INPUT FOR THIS TASK
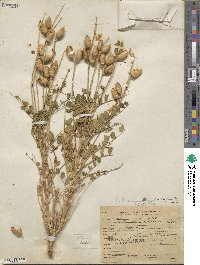 Astragalus preussii var. laxiflorus image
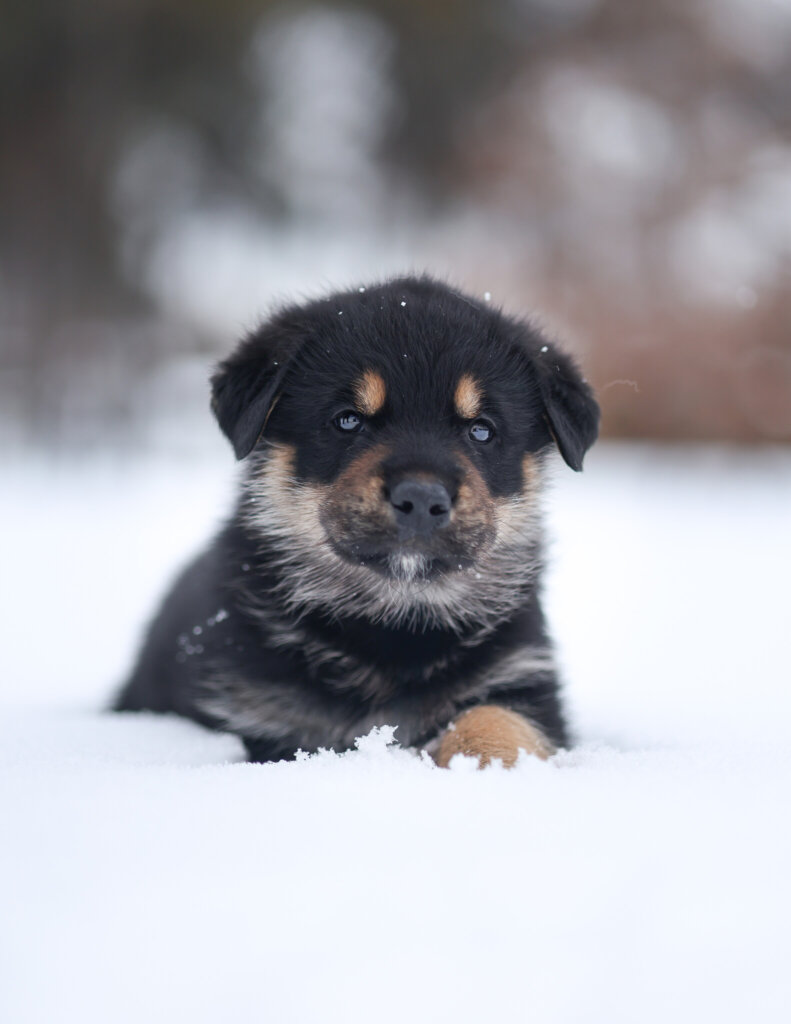 photo de MUFFIN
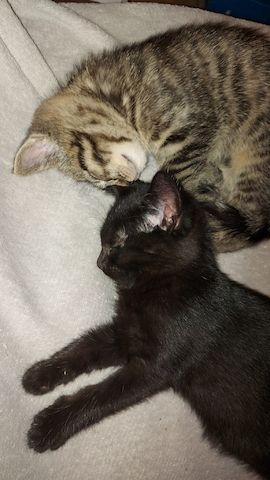 BKH Kitten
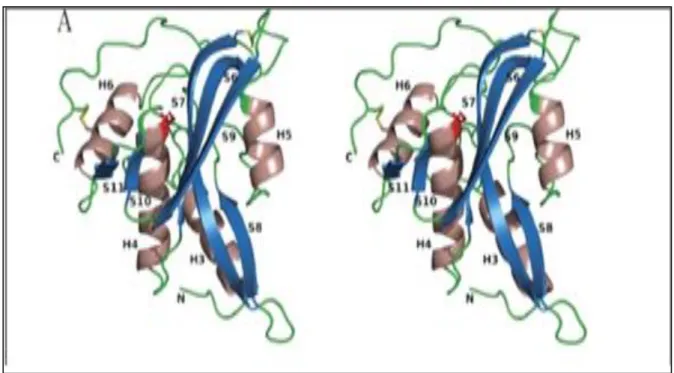 Figure 03: La structure globale d’une molécule de PG (Hashizume et al., 2011)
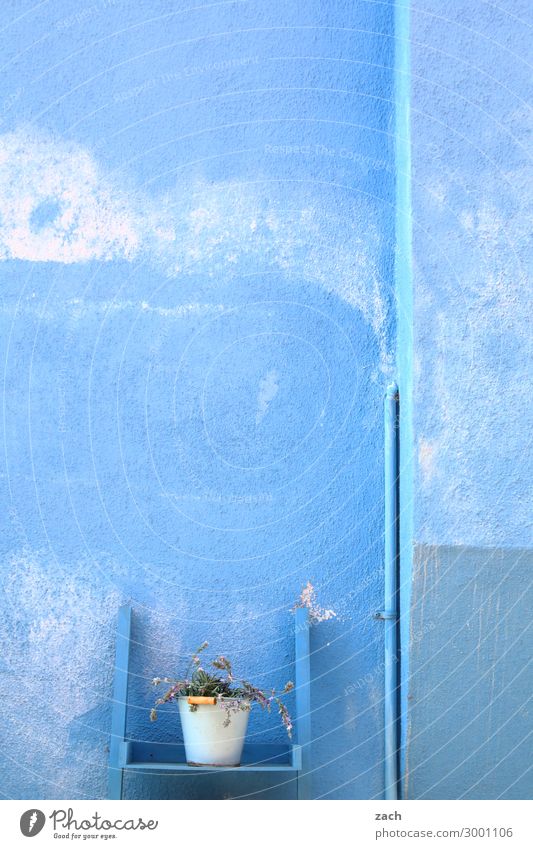 Isolation alone in the blue. Plant Flower Foliage plant Pot plant Island Venice Burano House (Residential Structure) Wall (barrier) Wall (building) Facade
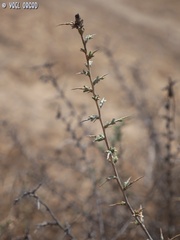Noaea mucronata
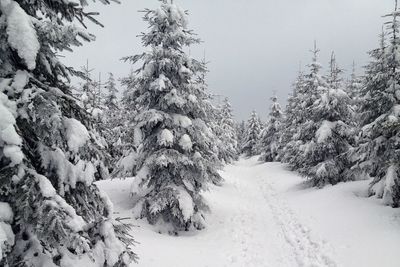 Trees on snow covered landscape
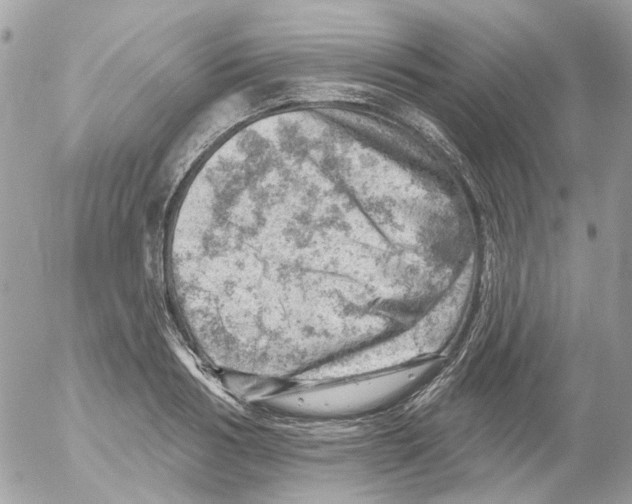 X0000052570986200507292002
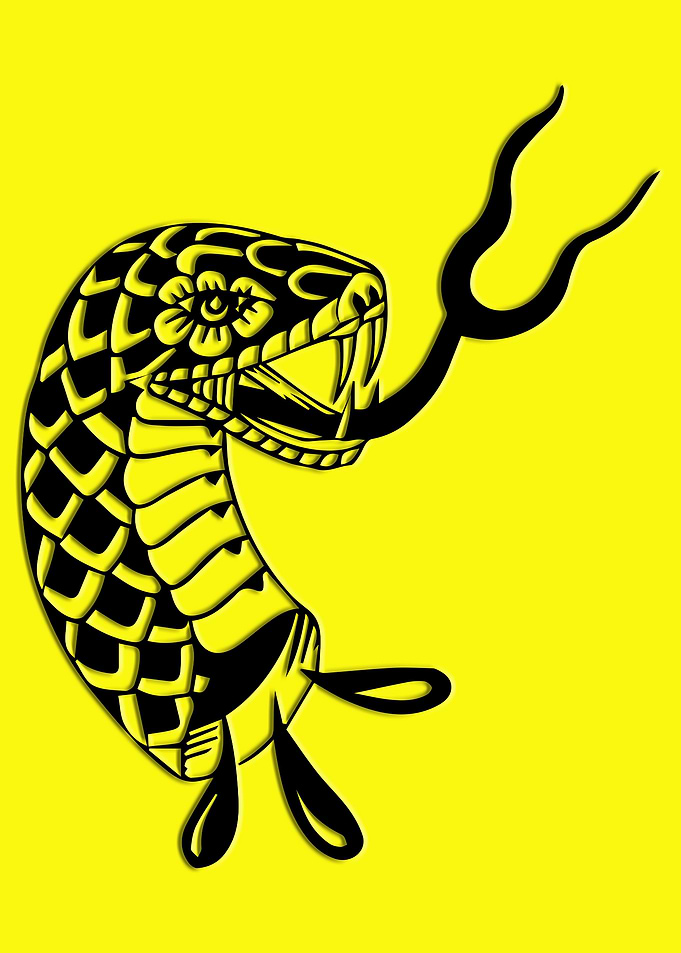 SKETCH SNAKE HEAD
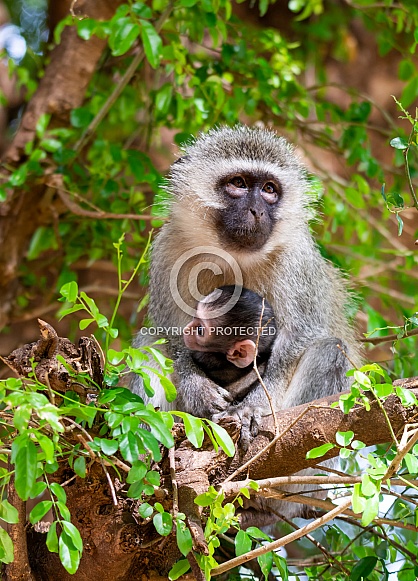 Vervet Monkeys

TASK BRIEF
All of the listing above must be output exactly, except for its pictures.

OUTPUT OF THE EXERCISE
 Astragalus preussii var. laxiflorus image
 photo de MUFFIN
 BKH Kitten
 Figure 03: La structure globale d’une molécule de PG (Hashizume et al., 2011)
 Isolation alone in the blue. Plant Flower Foliage plant Pot plant Island Venice Burano House (Residential Structure) Wall (barrier) Wall (building) Facade
Noaea mucronata
 Trees on snow covered landscape
 X0000052570986200507292002
 SKETCH SNAKE HEAD
 Vervet Monkeys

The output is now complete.